Aujourd’hui, à trente-deux ans, elle apprend que son ancien amour, Jacob est accusé d’abus sexuels par plusieurs de ses anciennes élèves et elle se souvient. Quand elle avait quinze ans, elle est tombée éperdument amoureuse de lui et ils ont vécu une superbe histoire d’amour. Enfin est-ce vraiment la réalité?

Alors qu’elle nous emmène dans ses souvenirs et que l’action alterne entre présent et passé, on réalise que celui-ci l’a profondément marquée. De temps en temps, sans qu’elle n’en aie conscience, des pensées font irruption dans ce qu’elle observe dans son quotidien et montrent qu’au fond d’elle, elle sait. Elle sait ce qu’elle a vécu même si elle se refuse à l’admettre. Car si elle le faisait, des sentiments qu’elle ne veut pas affronter viendraient au premier plan.

Ma dark Vanessa est le récit d’une prise de conscience progressive, qui se fait contre le gré de l’héroïne. Elle refuse de toutes ses forces d’admettre la réalité quand cela la concerne, alors que lorsqu’elle voit les mêmes actions se produire pour d’autres jeunes filles, elle sait ce que cela signifie. Dans un monde où le mouvement #MeToo renverse les dés et redonne le pouvoir aux femmes, Vanessa s’est fait embobiner et violer et même si une partie de son cerveau le sait, la honte la fait se taire.

Ce récit, c’est celui de la libération de la pensée avant tout.
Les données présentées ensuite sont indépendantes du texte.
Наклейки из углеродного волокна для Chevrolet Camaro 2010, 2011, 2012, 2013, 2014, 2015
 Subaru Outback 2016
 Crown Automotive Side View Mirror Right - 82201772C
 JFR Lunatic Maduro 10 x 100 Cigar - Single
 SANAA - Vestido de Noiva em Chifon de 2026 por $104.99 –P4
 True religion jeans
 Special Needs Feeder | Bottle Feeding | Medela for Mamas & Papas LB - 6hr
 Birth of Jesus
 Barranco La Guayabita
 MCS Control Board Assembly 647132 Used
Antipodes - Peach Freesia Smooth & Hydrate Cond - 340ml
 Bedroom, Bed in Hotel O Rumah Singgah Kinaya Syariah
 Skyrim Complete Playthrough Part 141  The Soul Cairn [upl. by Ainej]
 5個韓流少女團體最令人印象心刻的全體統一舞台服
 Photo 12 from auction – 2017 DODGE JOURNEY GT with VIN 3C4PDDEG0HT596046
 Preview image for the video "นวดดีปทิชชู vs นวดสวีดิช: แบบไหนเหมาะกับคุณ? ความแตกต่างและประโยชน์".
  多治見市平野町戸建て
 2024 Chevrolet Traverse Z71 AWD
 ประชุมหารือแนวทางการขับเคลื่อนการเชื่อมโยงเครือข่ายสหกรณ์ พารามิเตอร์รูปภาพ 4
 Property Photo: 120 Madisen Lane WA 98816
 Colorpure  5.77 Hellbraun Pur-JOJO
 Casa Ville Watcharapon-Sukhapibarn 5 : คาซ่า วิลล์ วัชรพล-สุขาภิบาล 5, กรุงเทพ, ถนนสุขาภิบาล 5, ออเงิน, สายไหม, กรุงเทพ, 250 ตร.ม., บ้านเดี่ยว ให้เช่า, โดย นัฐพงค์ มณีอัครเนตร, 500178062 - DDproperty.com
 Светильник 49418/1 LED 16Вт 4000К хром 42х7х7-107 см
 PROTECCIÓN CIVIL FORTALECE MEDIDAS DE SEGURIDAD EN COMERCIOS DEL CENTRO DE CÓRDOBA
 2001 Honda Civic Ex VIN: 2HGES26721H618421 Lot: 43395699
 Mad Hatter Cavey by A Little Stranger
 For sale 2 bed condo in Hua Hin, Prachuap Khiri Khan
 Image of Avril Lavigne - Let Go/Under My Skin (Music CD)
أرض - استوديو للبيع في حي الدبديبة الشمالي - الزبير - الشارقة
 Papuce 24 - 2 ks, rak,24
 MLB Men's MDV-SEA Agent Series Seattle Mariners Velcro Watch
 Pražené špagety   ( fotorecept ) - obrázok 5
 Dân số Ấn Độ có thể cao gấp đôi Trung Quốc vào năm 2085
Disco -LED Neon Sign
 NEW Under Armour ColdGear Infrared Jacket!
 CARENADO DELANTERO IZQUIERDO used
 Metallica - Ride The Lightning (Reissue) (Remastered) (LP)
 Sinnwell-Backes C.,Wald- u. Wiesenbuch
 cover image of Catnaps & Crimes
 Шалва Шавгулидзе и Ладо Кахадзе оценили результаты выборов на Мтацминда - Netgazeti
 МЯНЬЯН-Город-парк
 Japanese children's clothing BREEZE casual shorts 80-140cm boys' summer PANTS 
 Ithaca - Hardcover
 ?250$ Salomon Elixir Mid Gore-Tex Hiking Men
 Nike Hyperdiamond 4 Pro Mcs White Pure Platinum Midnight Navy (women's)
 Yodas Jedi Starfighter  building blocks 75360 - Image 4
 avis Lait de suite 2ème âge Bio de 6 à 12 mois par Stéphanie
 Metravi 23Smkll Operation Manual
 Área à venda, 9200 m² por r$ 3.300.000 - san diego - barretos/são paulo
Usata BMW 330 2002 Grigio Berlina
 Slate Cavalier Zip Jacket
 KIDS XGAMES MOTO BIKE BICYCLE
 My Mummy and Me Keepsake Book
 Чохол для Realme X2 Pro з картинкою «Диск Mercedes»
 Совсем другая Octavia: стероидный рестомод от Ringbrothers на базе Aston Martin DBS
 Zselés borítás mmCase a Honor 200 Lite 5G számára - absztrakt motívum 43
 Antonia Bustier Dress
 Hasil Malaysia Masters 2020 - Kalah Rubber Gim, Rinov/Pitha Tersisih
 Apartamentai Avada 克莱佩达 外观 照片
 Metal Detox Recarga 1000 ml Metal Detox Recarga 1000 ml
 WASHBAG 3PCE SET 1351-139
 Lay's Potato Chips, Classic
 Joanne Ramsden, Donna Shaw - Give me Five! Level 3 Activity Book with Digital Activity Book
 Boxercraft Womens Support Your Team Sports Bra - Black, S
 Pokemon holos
Car avant de parler et de dénoncer, il faut déjà admettre soi-même la vérité et ça, c’est une énorme étape souvent, à mon sens, trop peu représentée. On lit toujours ce qu’il se passe après: quand les paroles s’affrontent et que la victime doit non seulement affronter la charge de la preuve mais aussi l’opinion publique qui la juge hâtivement. Mais jamais on ne lit à propos du cheminement qui mène la victime à ces étapes. Pourtant, ce cheminement est déjà un combat; c’est le combat contre soi-même.

En lisant ce roman, on comprend comment des monstres comme Jacob Strane peuvent sévir. Il leur suffit d’une faille, d’une vulnérabilité pour qu’ils s’engouffrent dedans avec des belles paroles et des manoeuvres de manipulation.

Devant certaines scènes, parce que j’avais du recul, je pouvais voir ces manoeuvres et j’aurais voulu que Vanessa les discerne également. Dans ces scènes, elle m’a frustrée. Comment rester de marbre quand on voit quelqu’un s’enfoncer toujours plus bas? Quand on la voit subir?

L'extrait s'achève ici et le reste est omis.